[Data items]
####################
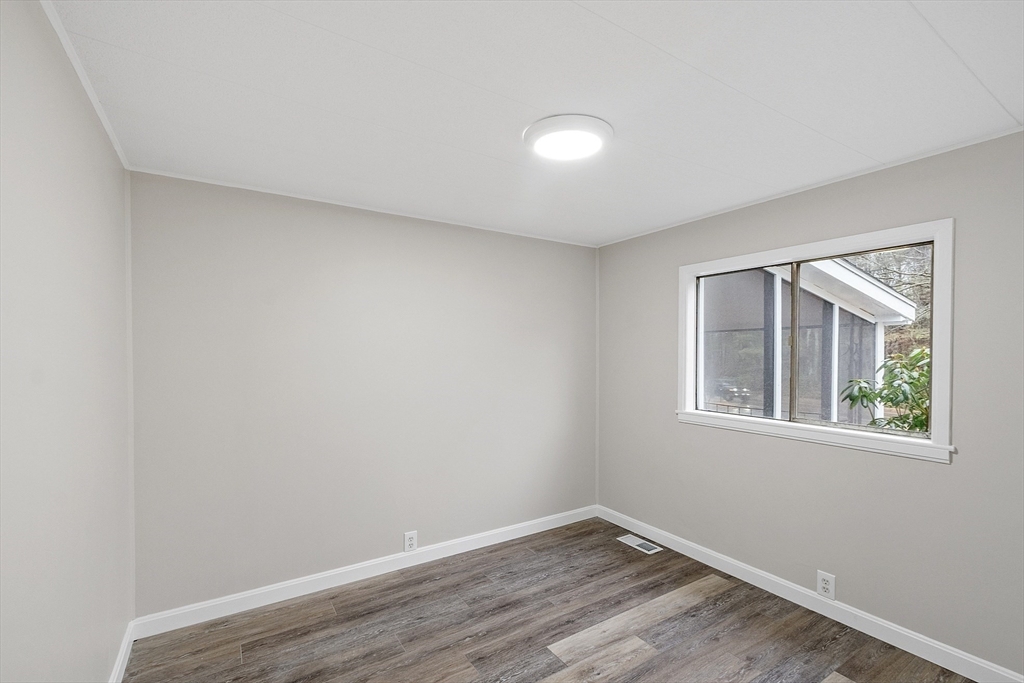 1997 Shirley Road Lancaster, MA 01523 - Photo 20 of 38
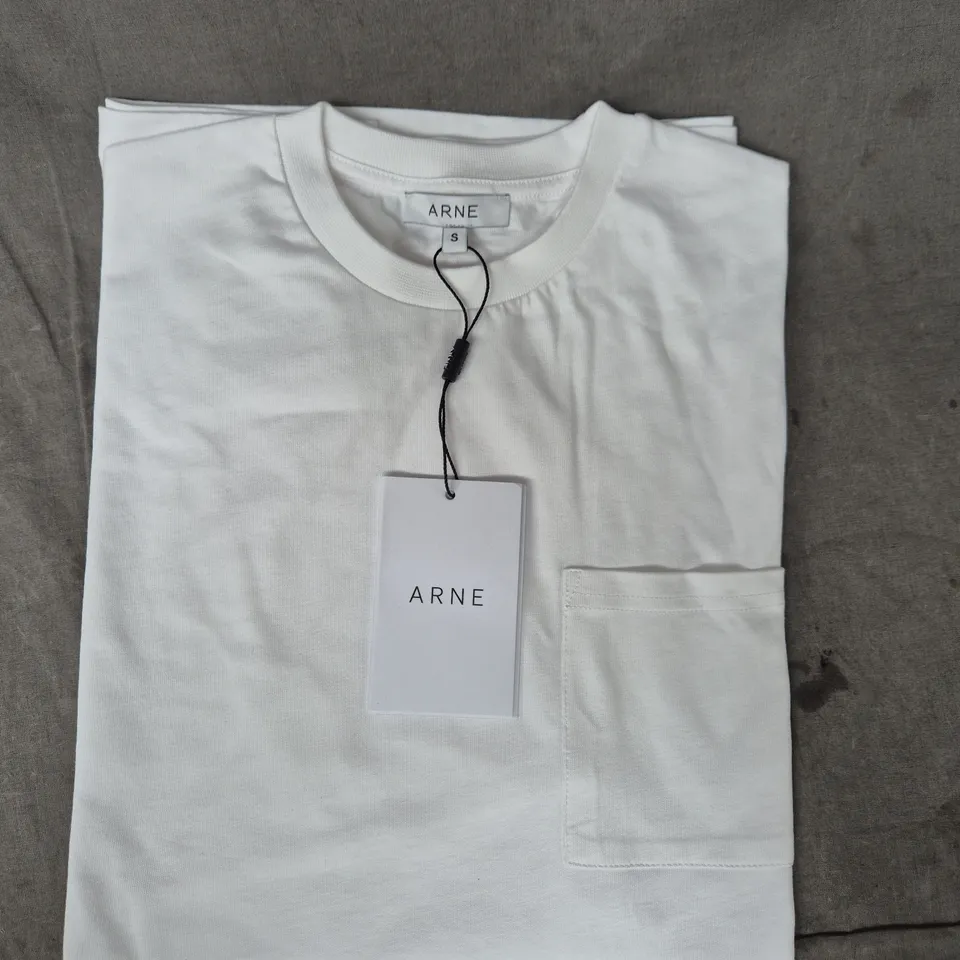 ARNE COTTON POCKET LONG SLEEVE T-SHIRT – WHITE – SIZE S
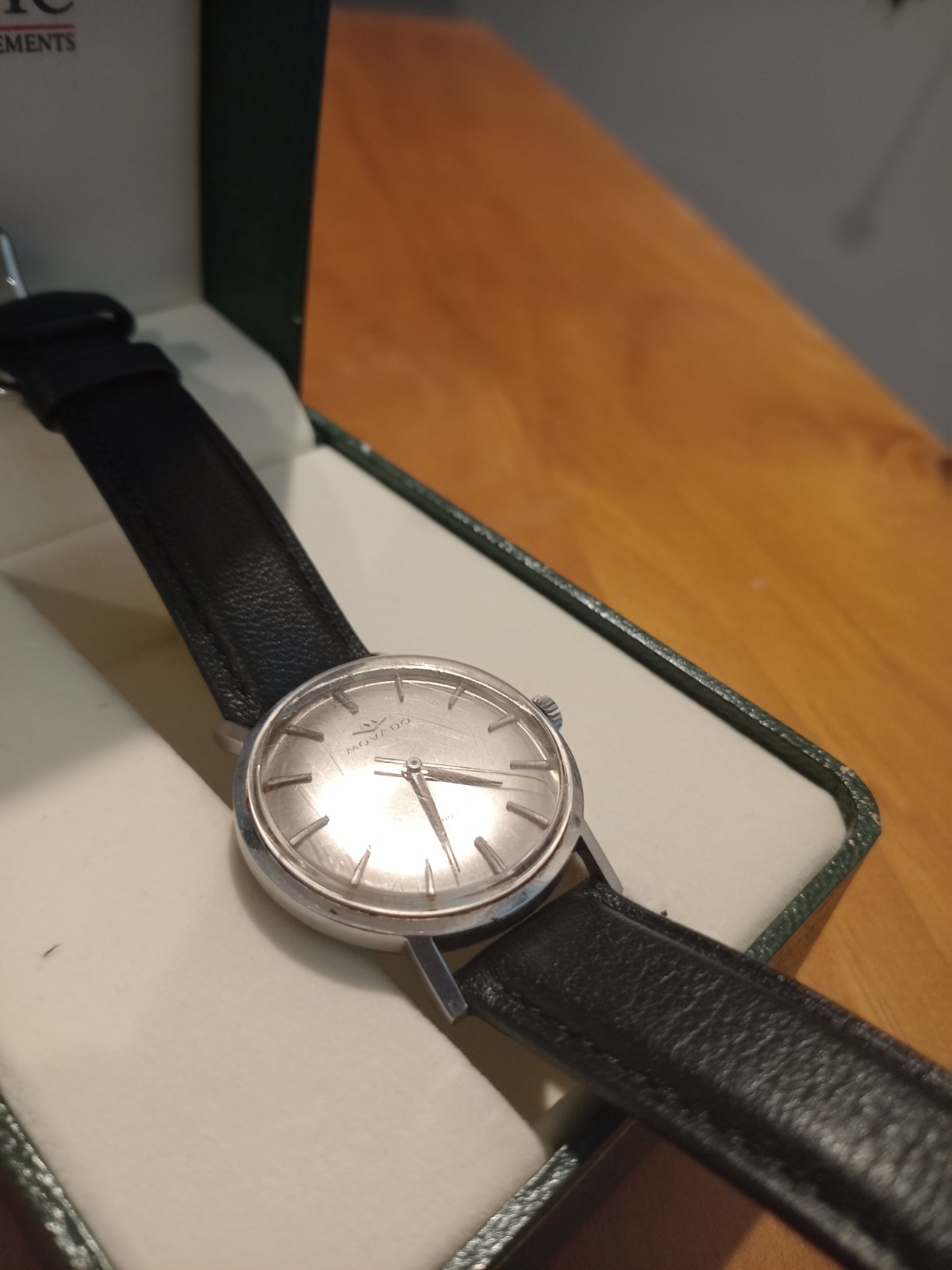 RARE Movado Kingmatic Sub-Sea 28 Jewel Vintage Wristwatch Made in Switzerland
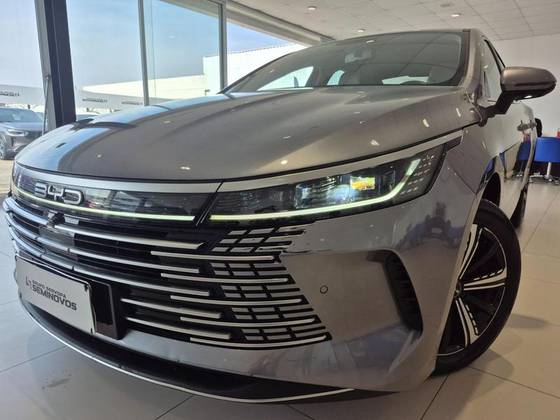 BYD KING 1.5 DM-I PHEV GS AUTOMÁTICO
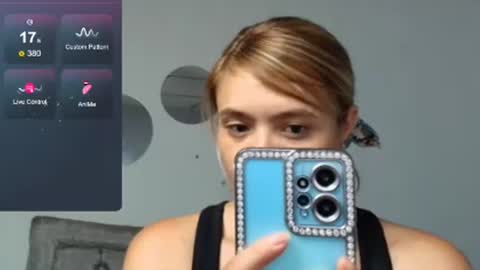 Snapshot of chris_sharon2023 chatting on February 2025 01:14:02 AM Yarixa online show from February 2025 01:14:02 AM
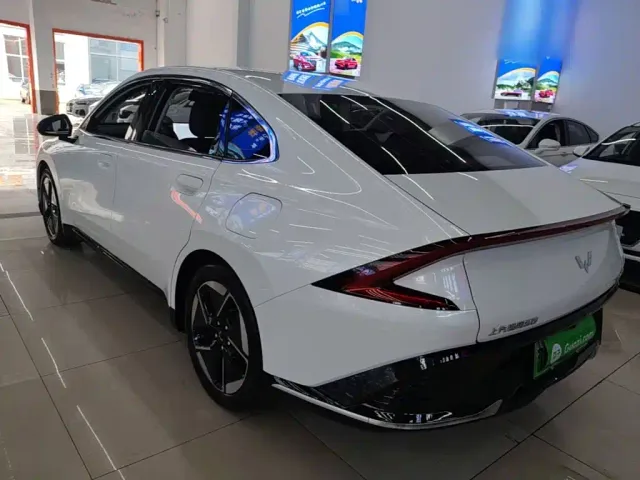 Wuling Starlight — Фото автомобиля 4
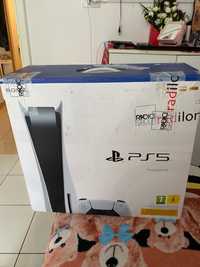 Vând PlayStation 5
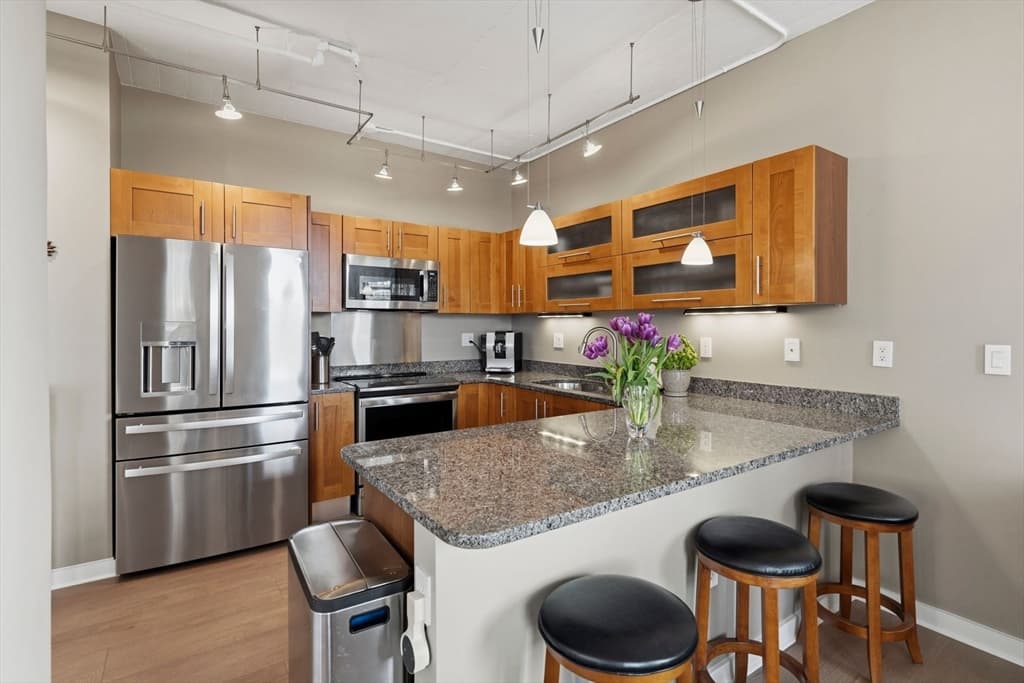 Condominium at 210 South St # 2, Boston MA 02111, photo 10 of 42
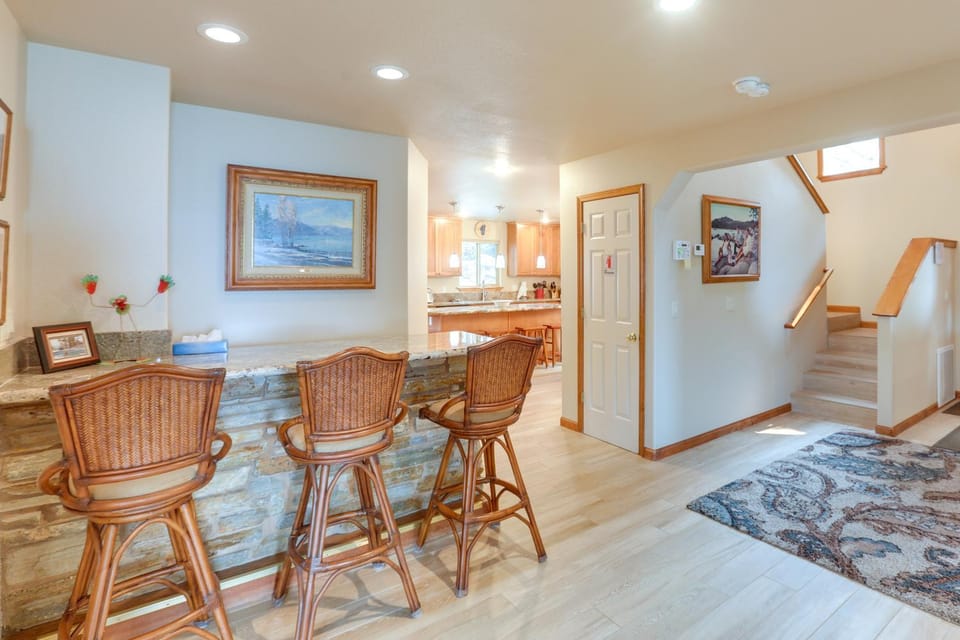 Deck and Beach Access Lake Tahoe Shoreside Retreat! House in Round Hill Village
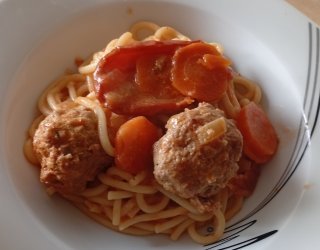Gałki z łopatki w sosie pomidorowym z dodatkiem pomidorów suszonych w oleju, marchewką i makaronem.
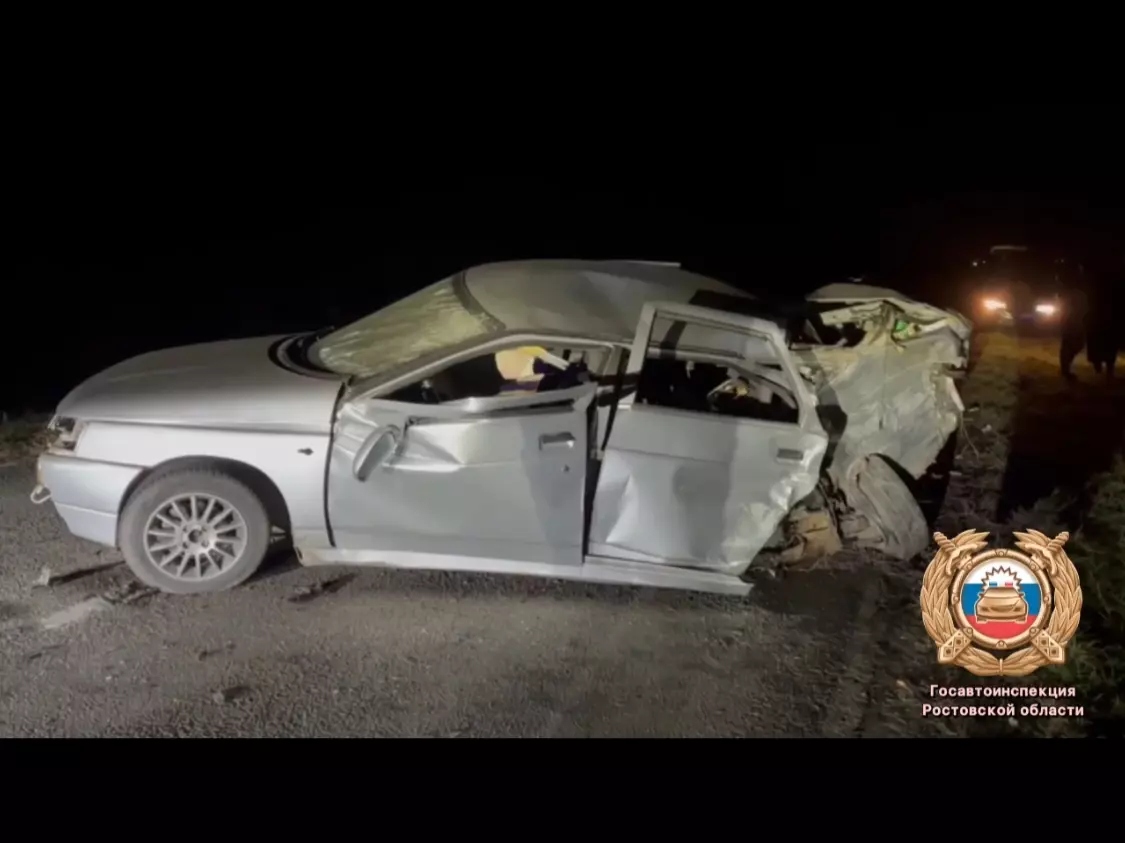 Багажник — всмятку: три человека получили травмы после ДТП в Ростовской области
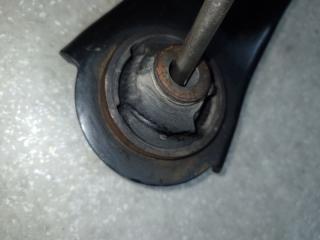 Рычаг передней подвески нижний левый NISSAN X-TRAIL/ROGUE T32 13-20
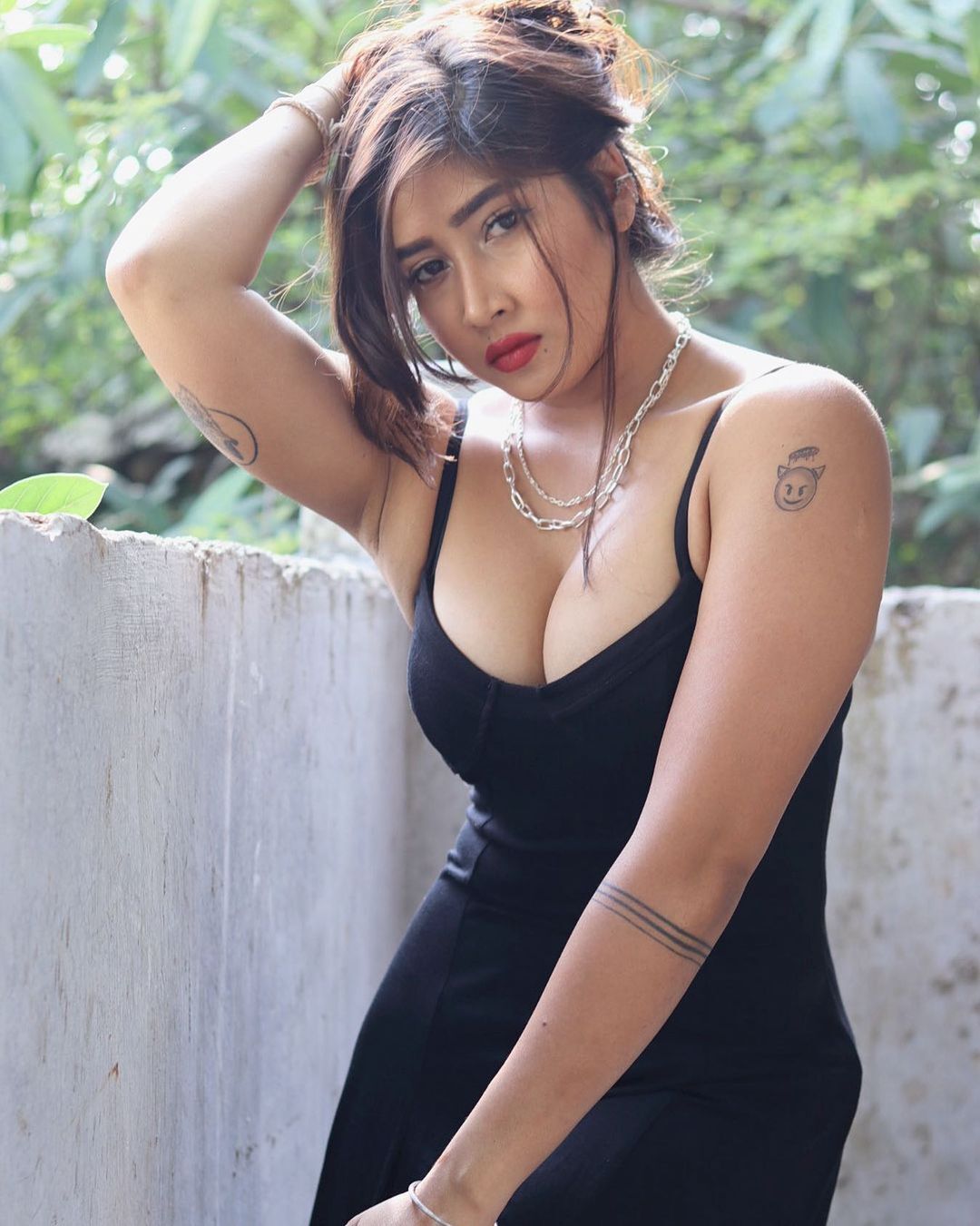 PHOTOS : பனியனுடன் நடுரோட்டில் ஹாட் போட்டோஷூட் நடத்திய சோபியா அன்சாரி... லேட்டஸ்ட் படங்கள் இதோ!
####################
**TASK DETAILS:** Beginning with the first line of the entries above, repeat each line word for word until the line with "Рычаг передней подвески" has been given too. Omit the pictures.

**TASK OUTPUT:**
 1997 Shirley Road Lancaster, MA 01523 - Photo 20 of 38
 ARNE COTTON POCKET LONG SLEEVE T-SHIRT – WHITE – SIZE S
 RARE Movado Kingmatic Sub-Sea 28 Jewel Vintage Wristwatch Made in Switzerland
 BYD KING 1.5 DM-I PHEV GS AUTOMÁTICO
 Snapshot of chris_sharon2023 chatting on February 2025 01:14:02 AM Yarixa online show from February 2025 01:14:02 AM
 Wuling Starlight — Фото автомобиля 4
 Vând PlayStation 5
 Condominium at 210 South St # 2, Boston MA 02111, photo 10 of 42
 Deck and Beach Access Lake Tahoe Shoreside Retreat! House in Round Hill Village
Gałki z łopatki w sosie pomidorowym z dodatkiem pomidorów suszonych w oleju, marchewką i makaronem.
 Багажник — всмятку: три человека получили травмы после ДТП в Ростовской области
 Рычаг передней подвески нижний левый NISSAN X-TRAIL/ROGUE T32 13-20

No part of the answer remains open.